| BRIEF |
Would you return the lines between the one holding "D'COR VISUALS Honda" and the one holding "Brown/Gold BR Gurtz&uuml;gel", inclusive, and only those, exactly as they stand in the listing below?

| SUPPLIED DATA |
================================
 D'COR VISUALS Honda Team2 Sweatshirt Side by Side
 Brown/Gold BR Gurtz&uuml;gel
================================
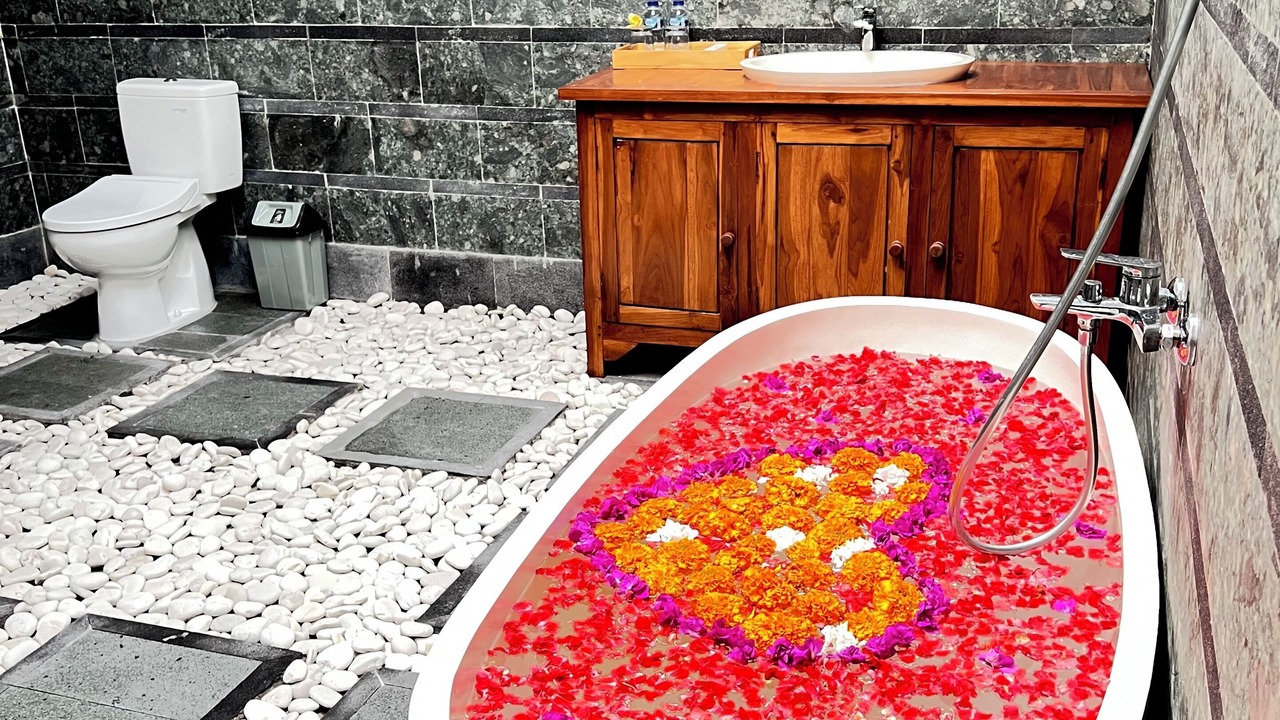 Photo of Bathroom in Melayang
================================
| EXPECTED ANSWER |
 D'COR VISUALS Honda Team2 Sweatshirt Side by Side
 Brown/Gold BR Gurtz&uuml;gel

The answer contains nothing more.